Au début des années 90, une amie m’avait glissé le nom de Christian Bobin. Il n’était pas encore connu du grand public. Elle m’avait prêté Une petite robe de fête, puis Le Très-Bas, et enfin La plus que vive. Ces lectures m’avaient profondément touché.
C’était clair, limpide, sans effet. Je n’avais jamais lu quelqu’un qui écrivait avec autant de simplicité et qui, en même temps, ouvrait autant d’espace. Il parlait du cœur, et ça allait droit au cœur.
J’ai continué à le lire, et à chaque nouveau livre, je retrouvais cette même vibration. J’ai noté quelques-unes de ses phrases au fil des années, comme on ramasse des pierres sur un chemin laissés par le Petit Poucet de la Conscience pour qu’elle puisse se souvenir, sans la mémoire, d’Elle-même.
Au fil du temps, au cours de ce chemin de dépouillement intérieur que je suivais, je me suis rendu compte que Christian Bobin, en réalité, offrait un satsang au monde. Il offrait une parole rare et précieuse de silence et de lumière. Chacun de ses livres était en réalité en déguisement un satsang discret mais puissant pour ceux qui ne seraient jamais allés d’eux-mêmes écouter un enseignement spirituel. Et pourtant, il faisait passer un message universel, gnostique, ouvert, libre. Il le faisait passer sans jamais être didactique. Il avait l’humilité et le talent de le faire passer avec une incroyable simplicité, et avec tellement d’amour pour ce qui est qu’il a pu toucher un public très large.

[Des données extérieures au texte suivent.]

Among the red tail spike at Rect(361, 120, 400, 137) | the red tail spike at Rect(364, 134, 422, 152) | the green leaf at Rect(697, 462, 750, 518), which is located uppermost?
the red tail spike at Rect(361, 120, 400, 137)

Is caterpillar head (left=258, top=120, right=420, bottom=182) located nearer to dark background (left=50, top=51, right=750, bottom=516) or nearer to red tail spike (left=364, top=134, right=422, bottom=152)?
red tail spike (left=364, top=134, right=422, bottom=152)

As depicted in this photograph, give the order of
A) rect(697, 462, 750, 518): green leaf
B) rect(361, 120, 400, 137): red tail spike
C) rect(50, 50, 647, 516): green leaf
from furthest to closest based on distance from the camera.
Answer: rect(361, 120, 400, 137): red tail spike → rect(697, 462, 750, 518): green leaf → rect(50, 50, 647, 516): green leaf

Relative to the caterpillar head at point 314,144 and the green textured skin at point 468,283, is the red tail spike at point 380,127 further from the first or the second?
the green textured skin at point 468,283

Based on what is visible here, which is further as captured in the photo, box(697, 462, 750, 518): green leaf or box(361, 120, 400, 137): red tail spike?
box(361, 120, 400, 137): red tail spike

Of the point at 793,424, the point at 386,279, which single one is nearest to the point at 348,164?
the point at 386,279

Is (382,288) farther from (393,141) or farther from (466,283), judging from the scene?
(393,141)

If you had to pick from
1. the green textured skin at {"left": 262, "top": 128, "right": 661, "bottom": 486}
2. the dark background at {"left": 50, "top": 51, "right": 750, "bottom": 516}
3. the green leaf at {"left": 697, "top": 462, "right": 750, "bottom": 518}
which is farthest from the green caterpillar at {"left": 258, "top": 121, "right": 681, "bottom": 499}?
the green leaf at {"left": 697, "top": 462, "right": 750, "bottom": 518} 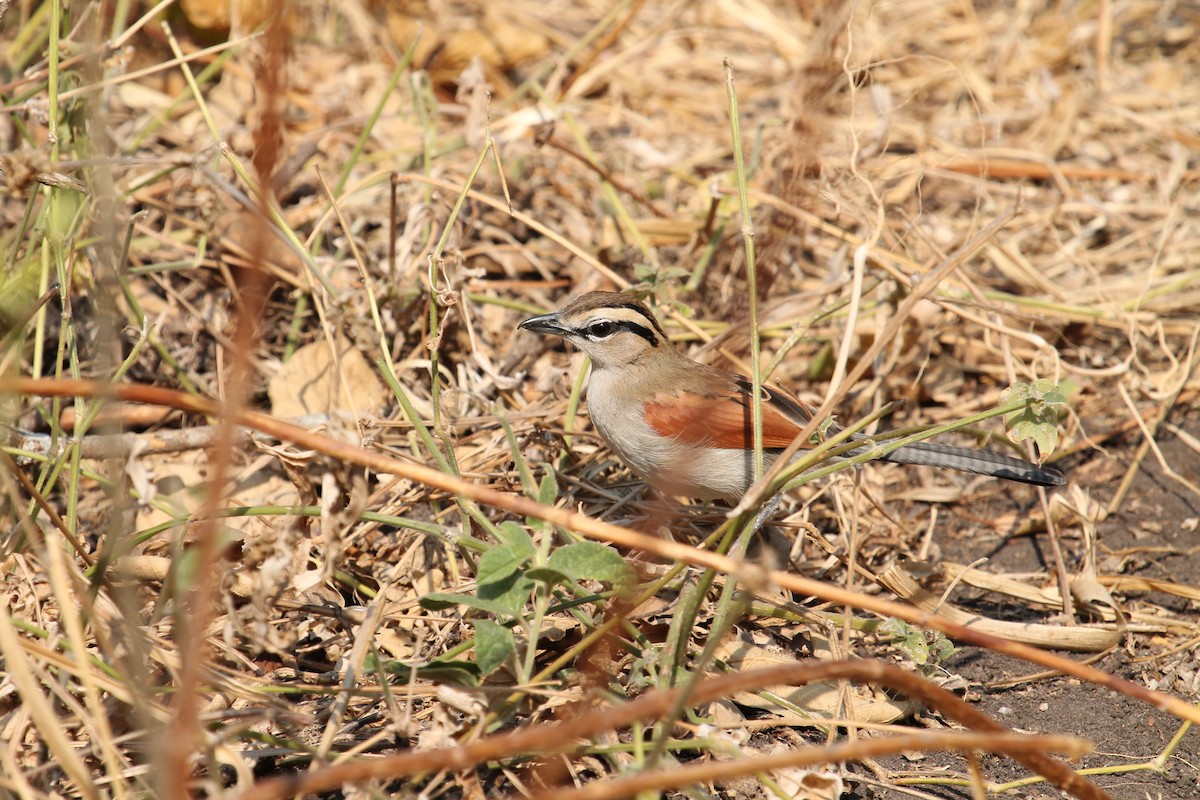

Quand il est mort en novembre 2022, c’était comme perdre un ami proche. Je ne l’avais jamais rencontré, mais sa parole m’avait accompagné pendant tant d’années. Elle faisait partie de ma vie, et de celle de beaucoup de mes amis.
Je me souviens que le mois après sa mort, quand mon ami Christian Boncompain (Tchen Tchen, de son nom d’artiste, ami musicien et chanteur, avec lequel j’ai réalisé l’album Sat Songs, sorti en 2022) vivait ses dernières semaines, je lui avais lu à son chevet « Le Christ au coquelicot ». Il en avait été très ému. Ce fut un moment simple, profond, silencieux. On était là, ensemble, au seuil. Un long silence a suivi cette lecture. Ce fut notre dernière rencontre.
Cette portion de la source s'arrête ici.